Fears of Violence Keep Many Students Away From Mount Abe in Bristol


Bristol Police stationed in front of Mount Abraham Union Middle/High School Friday morning - ALISON NOVAK ©️ SEVEN DAYS
  • Alison Novak ©️ Seven Days
  • Bristol Police stationed in front of Mount Abraham Union Middle/High School Friday morning
Few students attended class at Mount Abraham Union Middle/High School in Bristol on Friday, and police stationed themselves outside the building after its principal announced that unidentified students had said they planned to bring weapons to school.

“This is a terrifying thought,” Principal Shannon Warden wrote in a letter emailed to families and posted on the high school’s Facebook page Thursday night. Many students and parents had notified administrators that they were “scared to come to school tomorrow,” Warden wrote, “and I can’t blame them!”

On Tuesday, a 15-year-old high school student in Michigan killed four classmates and injured seven others. His parents were charged with four counts of involuntary manslaughter because of their actions in the lead-up to the shooting.

Warden said the threats at Mt. Abe were made after the school decided Thursday to ban students from wearing flags or banners in school. This week, the principal explained, students had draped flags over themselves like capes “in support of a person, cause or movement.”

A person familiar with the situation who asked not to be identified told Seven Days that some of the flags expressed support for former president Donald Trump. Pro-law enforcement Thin Blue Line and “Don’t Tread on Me” flags were also worn. As a counterprotest, other students brought LGBTQ, Transgender Pride and Black Lives Matter flags to school.

After meeting with students this week, Warden said that the administration initially decided the flags would be allowed as long as they didn’t "disrupt the learning environment at school.”

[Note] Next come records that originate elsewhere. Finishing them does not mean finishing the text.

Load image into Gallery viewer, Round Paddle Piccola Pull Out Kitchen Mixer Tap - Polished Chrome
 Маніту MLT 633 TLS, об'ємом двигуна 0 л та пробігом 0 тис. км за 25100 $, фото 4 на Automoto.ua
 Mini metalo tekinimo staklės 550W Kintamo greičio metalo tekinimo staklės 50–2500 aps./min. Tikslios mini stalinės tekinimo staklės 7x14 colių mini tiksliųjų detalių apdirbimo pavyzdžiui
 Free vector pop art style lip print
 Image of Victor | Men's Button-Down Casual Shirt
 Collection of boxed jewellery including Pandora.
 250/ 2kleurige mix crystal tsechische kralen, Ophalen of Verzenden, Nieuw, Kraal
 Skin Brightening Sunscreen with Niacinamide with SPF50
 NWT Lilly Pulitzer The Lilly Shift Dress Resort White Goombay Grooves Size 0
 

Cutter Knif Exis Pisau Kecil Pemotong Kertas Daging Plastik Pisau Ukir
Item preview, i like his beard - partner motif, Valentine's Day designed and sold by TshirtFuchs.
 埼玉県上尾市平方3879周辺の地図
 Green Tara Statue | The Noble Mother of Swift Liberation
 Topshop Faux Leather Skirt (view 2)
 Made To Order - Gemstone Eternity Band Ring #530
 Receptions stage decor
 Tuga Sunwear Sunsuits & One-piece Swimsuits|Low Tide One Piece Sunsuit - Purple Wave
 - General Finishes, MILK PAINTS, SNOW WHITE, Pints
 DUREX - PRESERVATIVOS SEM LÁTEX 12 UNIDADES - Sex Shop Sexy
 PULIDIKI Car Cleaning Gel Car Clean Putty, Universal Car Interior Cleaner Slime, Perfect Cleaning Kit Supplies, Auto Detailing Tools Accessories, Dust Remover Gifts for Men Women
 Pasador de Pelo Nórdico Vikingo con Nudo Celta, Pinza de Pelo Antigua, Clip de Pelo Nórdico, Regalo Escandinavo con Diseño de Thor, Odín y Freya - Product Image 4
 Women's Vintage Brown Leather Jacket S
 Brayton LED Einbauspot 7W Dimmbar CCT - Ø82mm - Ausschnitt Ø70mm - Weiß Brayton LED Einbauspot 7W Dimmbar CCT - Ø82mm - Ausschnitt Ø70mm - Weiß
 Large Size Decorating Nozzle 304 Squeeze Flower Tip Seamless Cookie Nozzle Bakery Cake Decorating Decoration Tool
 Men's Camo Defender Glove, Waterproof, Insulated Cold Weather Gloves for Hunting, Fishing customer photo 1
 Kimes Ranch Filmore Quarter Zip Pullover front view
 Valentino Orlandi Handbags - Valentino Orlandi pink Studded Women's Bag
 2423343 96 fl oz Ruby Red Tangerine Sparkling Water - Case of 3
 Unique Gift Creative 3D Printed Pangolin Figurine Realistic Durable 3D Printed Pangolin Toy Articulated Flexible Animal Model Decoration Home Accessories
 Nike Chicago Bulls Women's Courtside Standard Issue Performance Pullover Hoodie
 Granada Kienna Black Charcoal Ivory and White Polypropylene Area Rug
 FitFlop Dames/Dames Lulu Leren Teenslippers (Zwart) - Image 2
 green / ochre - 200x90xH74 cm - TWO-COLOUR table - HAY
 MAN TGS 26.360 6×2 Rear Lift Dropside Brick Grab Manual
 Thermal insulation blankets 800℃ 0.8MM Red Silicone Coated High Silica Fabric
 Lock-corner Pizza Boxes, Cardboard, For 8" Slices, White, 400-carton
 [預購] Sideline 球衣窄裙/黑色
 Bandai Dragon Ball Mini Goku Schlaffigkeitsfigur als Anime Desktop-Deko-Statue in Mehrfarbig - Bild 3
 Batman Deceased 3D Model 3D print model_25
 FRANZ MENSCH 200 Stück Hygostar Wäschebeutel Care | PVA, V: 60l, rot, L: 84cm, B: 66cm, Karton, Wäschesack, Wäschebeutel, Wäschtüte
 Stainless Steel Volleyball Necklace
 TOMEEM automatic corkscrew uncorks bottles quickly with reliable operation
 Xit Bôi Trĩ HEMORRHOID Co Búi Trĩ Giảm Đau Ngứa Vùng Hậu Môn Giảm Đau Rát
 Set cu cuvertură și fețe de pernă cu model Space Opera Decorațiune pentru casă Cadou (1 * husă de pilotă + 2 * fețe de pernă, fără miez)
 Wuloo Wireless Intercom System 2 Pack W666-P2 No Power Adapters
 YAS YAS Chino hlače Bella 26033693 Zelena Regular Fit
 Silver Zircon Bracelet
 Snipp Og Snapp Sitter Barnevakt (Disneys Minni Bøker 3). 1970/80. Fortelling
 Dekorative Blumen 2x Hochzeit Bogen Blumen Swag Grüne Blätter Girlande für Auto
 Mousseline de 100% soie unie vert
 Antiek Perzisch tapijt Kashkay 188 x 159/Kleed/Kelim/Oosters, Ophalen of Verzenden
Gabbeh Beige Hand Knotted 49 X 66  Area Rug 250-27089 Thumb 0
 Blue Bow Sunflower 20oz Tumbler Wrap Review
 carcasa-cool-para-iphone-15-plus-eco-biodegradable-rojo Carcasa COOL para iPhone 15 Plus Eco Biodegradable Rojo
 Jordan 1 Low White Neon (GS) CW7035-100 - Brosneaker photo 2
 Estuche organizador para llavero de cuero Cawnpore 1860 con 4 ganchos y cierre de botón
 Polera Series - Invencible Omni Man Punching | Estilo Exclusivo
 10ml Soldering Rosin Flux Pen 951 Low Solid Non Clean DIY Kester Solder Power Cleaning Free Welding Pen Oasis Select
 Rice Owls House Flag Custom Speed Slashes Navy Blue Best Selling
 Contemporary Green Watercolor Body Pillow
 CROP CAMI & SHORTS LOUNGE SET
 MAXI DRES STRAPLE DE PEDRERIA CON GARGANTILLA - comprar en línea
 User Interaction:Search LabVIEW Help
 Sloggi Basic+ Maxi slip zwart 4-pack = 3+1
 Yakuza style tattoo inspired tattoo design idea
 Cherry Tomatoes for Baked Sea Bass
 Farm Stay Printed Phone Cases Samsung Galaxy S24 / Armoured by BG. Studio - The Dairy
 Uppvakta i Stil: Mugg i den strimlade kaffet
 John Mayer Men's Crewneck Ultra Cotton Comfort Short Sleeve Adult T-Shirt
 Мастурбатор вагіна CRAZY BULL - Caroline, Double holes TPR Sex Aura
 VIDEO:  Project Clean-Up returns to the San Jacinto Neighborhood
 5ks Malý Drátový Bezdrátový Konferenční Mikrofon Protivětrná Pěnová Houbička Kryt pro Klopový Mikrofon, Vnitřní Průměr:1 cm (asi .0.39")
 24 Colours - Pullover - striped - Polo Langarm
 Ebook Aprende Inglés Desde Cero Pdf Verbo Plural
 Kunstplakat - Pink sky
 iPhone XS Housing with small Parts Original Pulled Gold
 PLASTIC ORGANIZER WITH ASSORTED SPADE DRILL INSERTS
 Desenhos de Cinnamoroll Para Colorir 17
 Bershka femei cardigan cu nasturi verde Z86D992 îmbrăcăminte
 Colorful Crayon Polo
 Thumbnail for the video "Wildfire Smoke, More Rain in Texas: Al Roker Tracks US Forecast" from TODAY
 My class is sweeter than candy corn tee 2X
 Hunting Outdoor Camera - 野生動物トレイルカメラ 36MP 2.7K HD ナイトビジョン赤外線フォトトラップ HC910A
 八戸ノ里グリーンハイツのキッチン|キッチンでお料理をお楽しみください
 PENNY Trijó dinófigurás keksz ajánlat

But on Thursday, Warden said, students walked through the school chanting, cheering, arguing and using “inappropriate and disrespectful language.” The display “created a major disruption in school” and made students feel “unwelcome, uncomfortable, mistreated and unsafe,” she said.

This isn’t the first time that student conduct has been cause for concern in the Mount Abraham Unified Union School District. At an October 12 school board meeting, teachers at Bristol Elementary School sounded the alarm about violent and destructive student behavior.
During a Thursday afternoon school assembly, Warden announced to Mt. Abe students that they would no longer be allowed to wear the flags, which she said was “in accordance with the Supreme Court decision, Tinker v. Des Moines, that states clothing and other paraphernalia can only be worn in school if it does not disrupt the learning environment.” Warden said students wearing flags or banners to school would be asked to remove the items, which would be placed in the school office for their family to retrieve.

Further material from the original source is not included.